(INFORMATION PROVIDED begins)
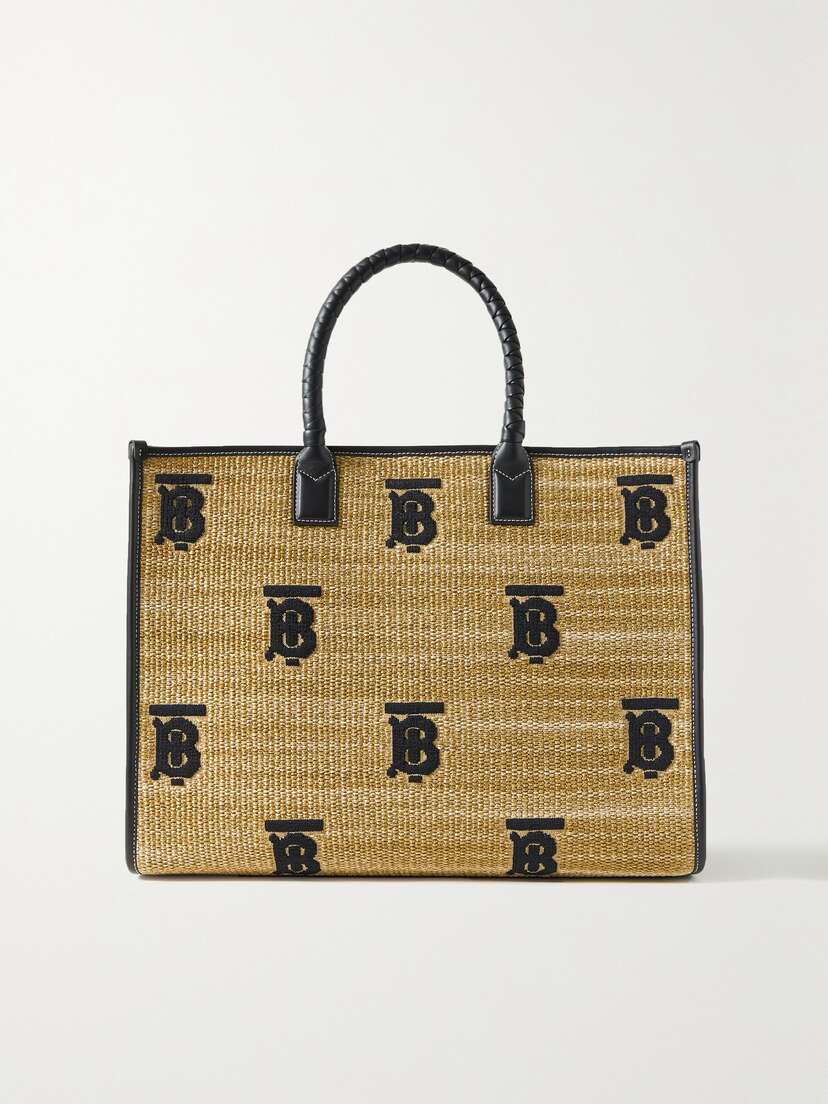 Burberry Freya Medium Leather-trimmed Embroidered Raffia Tote -  - One size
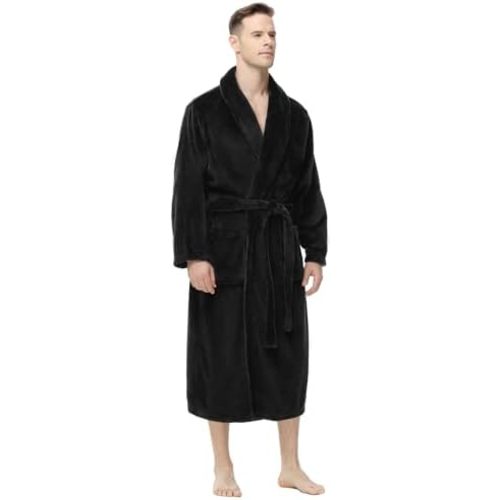 Yurhap Mens Fleece Robe, Soft Plush Robe for Men, Fluffy Bathrobe with Belt & 2 Pockets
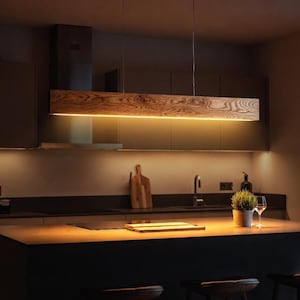 Linear Pendant Light Minimalist Solid Oak Pendant Lamp with LED Strip & Remote Dimmer Control zdjęcie 2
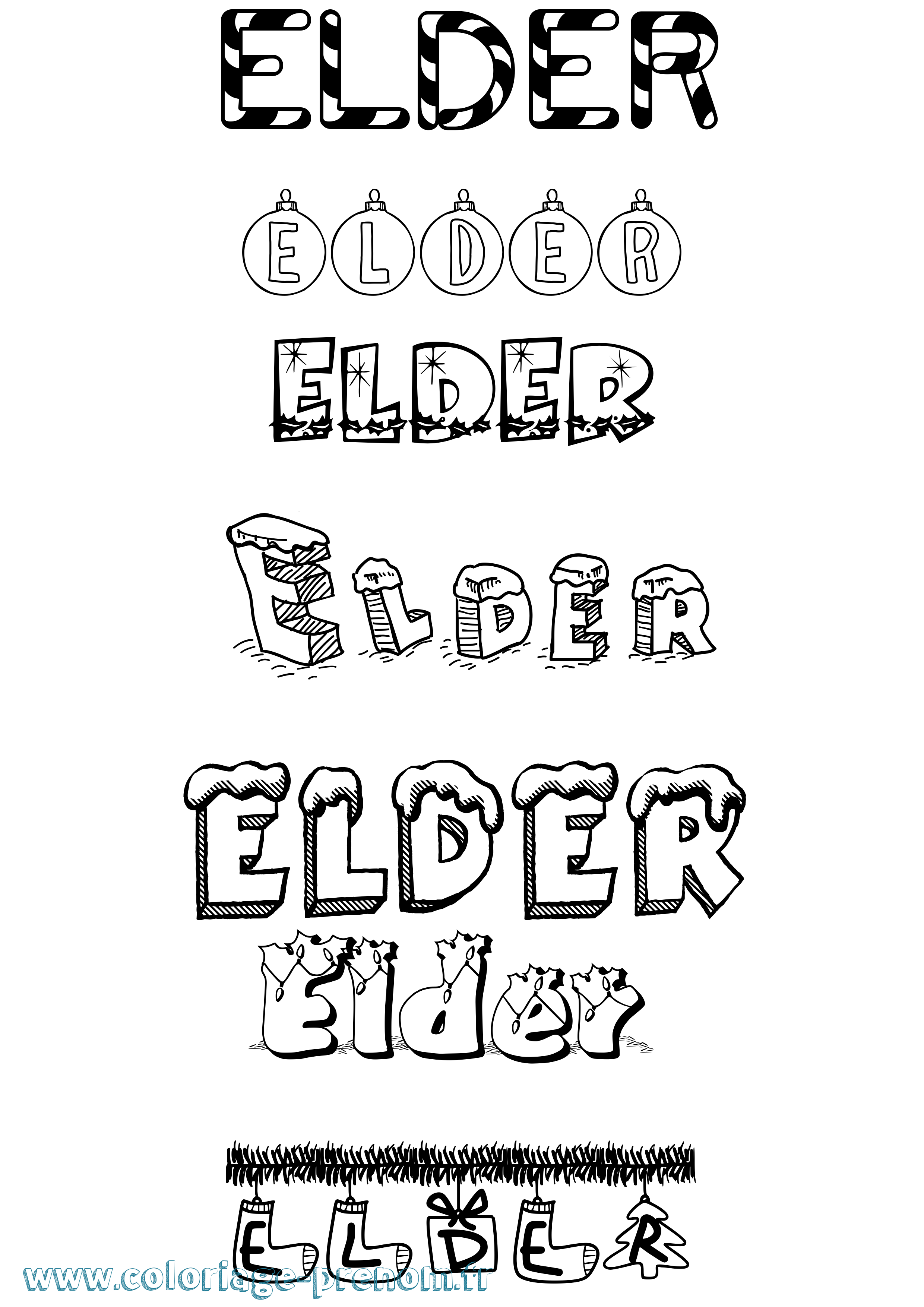 Coloriage Elder Noël Coloriage prénom Elder Noël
(INFORMATION PROVIDED ends)
WORK REQUEST
Would you retype exactly the lines running from the line that contains "Linear Pendant Light" through the end of the listing above, both included? Skip every picture.

RESULT FOR THIS EXERCISE
 Linear Pendant Light Minimalist Solid Oak Pendant Lamp with LED Strip & Remote Dimmer Control zdjęcie 2
 Coloriage Elder Noël Coloriage prénom Elder Noël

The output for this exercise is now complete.